What the exercise asks -> Only the pictures are dropped. Restate each line below word for word.

Extracted information ->
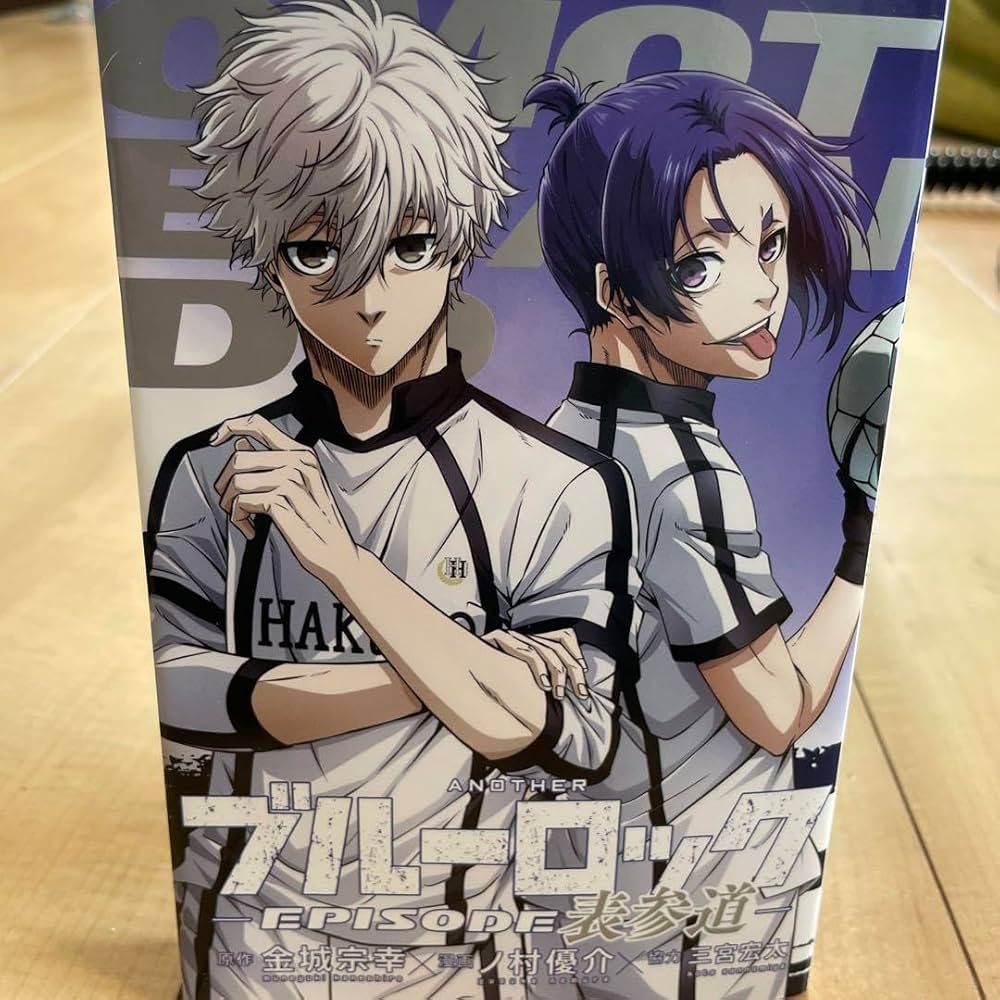 ブルーロック1〜27巻＋キャラクターブック 【公式通販】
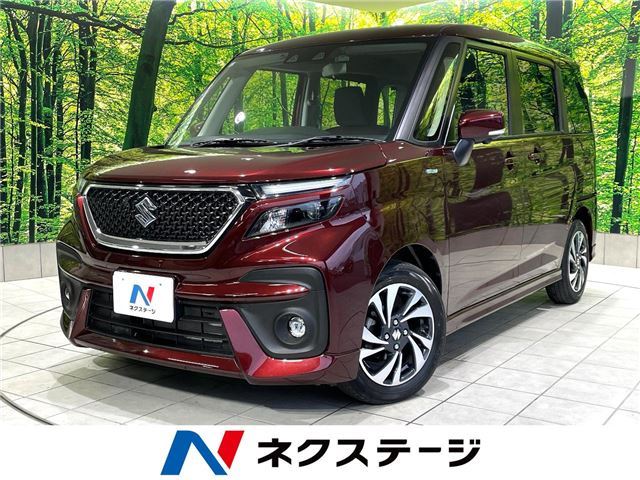 Suzuki SOLIO BANDIT 2021 6484388-3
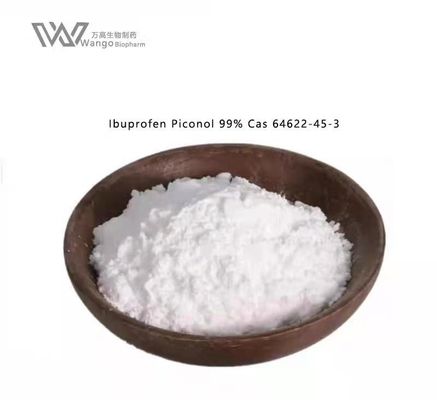 Ibuprofen Piconol Pharma Pure Powder , 99% Anti Inflammatory Supplements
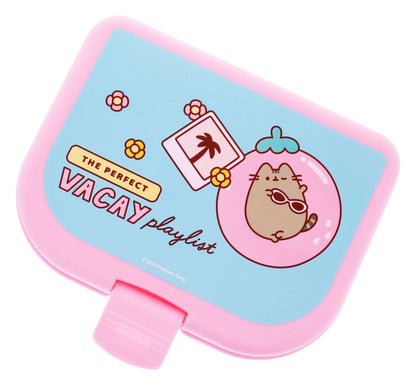Pusheen Snackbox The Perfect Vacay Playlist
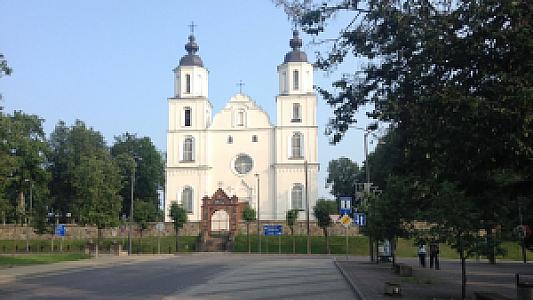 Utena – Litvanya fotoğrafı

Your response ->
 ブルーロック1〜27巻＋キャラクターブック 【公式通販】
 Suzuki SOLIO BANDIT 2021 6484388-3
 Ibuprofen Piconol Pharma Pure Powder , 99% Anti Inflammatory Supplements
Pusheen Snackbox The Perfect Vacay Playlist
 Utena – Litvanya fotoğrafı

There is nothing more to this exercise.